Ideas about the transcriptional control of development are largely based on two-dimensional snapshots of gene expression that ignore the continuously changing, three-dimensional nature of the embryo. A new high-throughput approach now brings us closer to a fuller understanding of how transcription-factor networks control fruitfly development in the context of embryonic morphology.

As part of the Berkeley Drosophila Transcription Network Project, Luengo Hendriks and colleagues developed a method that allows simultaneous quantitative visualization of gene expression and cellular-level morphological analysis in whole embryos. They focused their approach on blastoderm-stage Drosophila melanogaster embryos, in which transcriptional regulatory networks have been thoroughly investigated. Fixed embryos were fluorescently stained for mRNA expression and nuclear location, sorted by developmental stage, and imaged from whatever orientation they happened to be lying in, allowing a three-dimensional profile to be built up.

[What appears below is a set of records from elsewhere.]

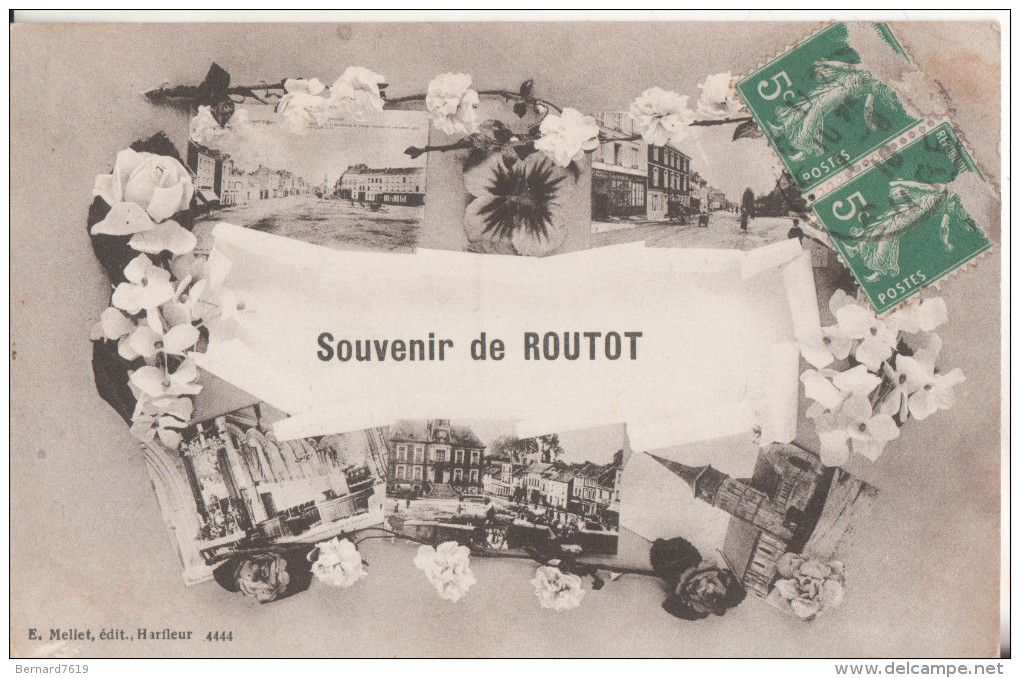 27  Routot Souvenir - Routot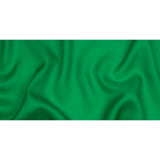 Silk Satin-Face Organza 54" - Kelly Green - Premium Collection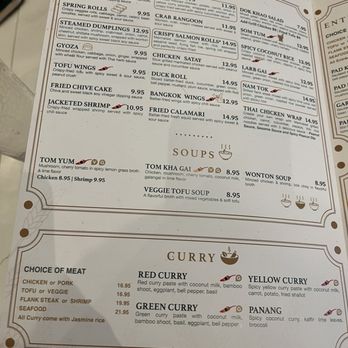 DOK KHAO THAI EATERY - Updated November 2024 - 1754 Photos & 646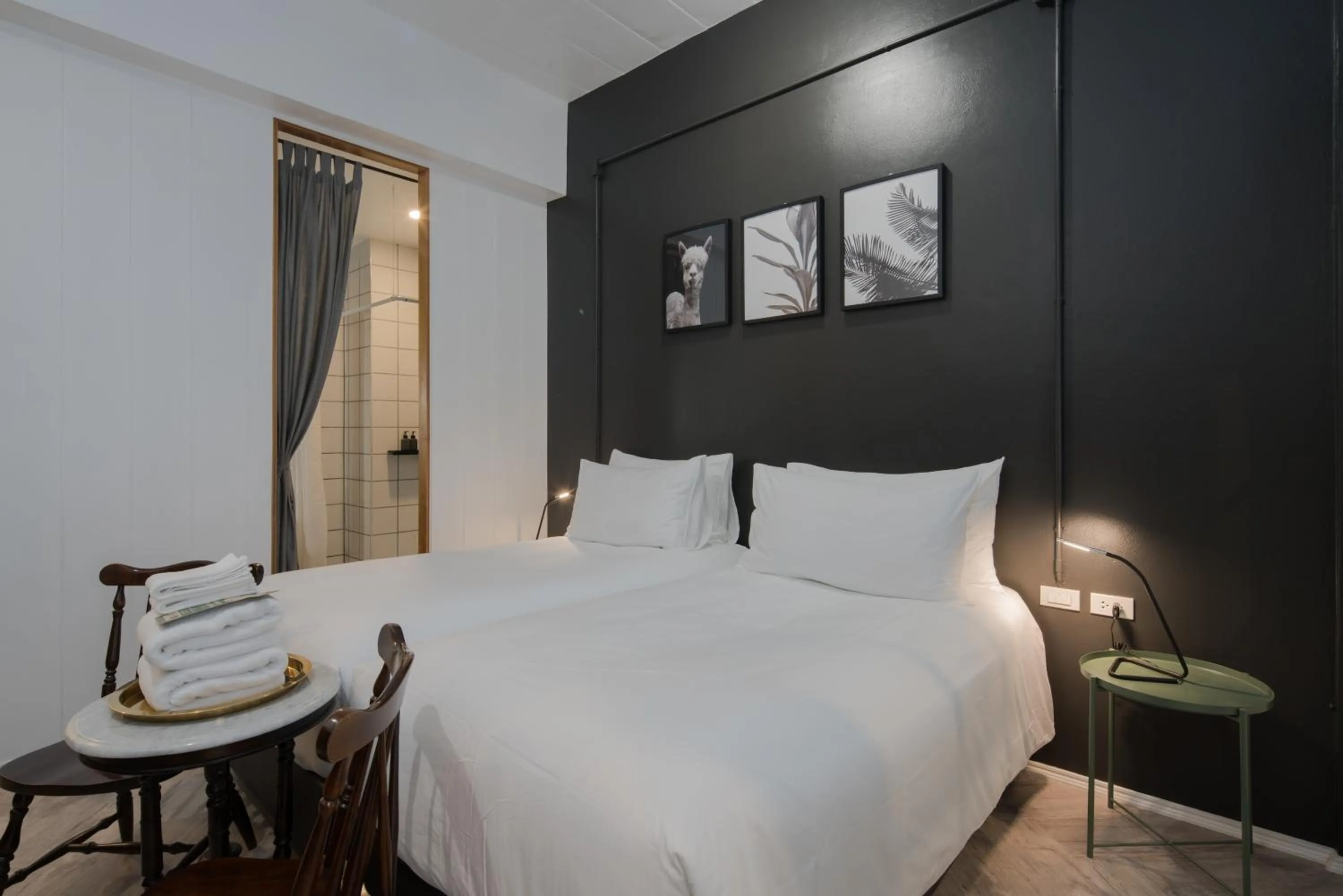 Property building, Bed in Blu Monkey Boutique Phuket Town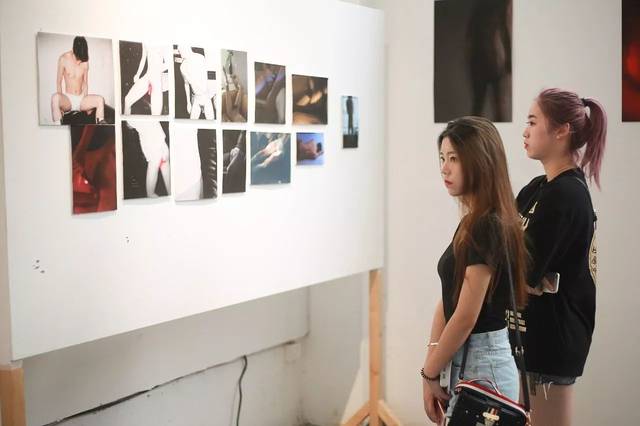 第一届青年勃起展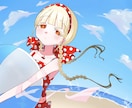 ポップなアイコン、サムネイラスト描きます 元気や個性を強調したい方に！活き活きした顔が得意です♡ イメージ6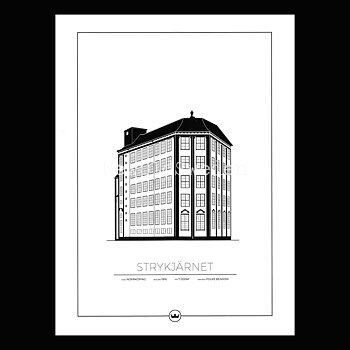 Strykjärnet - Norrköping
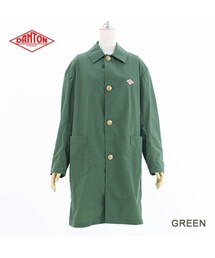 ダントンスプリングコート DANTON - DANTON スプリングコートの通販 by おはな's shop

Working with whole embryos presented challenges in generating high-quality images. Careful optimization of fixation, staining and mounting conditions was crucial to the success of the approach, as was the use of two-photon laser-scanning microscopy (which improves optical penetration and resolution, and reduces signal attenuation). Another important feature was the method that the authors used for image analysis. They converted the large data files for each image into a specially developed format that they termed a PointCloud, which compressed the file to a manageable size while retaining detailed information about morphology and gene expression.
Luengo Hendriks and colleagues initially tested their method on 1,282 embryos, looking at the mRNA levels of 22 developmental control genes, which form the first levels of the transcriptional hierarchy that governs anterior–posterior and dorsal–ventral patterning. The authors have made their imaging data publicly available for others to use.
Together with an accompanying study by Keränen et al., this work provides some interesting new insights into the developmental functioning of transcription factors. For example, the authors were able to model how a combination of morphological movements and regulatory interactions between genes determines the precise boundaries of pair-rule gene expression stripes and provides a basis for interaction between the two main body axes.
Despite focusing on a narrow developmental time window and a small number of genes that have already been well studied, this approach has provided new biological information. The extension of this method to many more genes and a wider range of embryonic stages should add another dimension to our understanding of development in the fruitfly.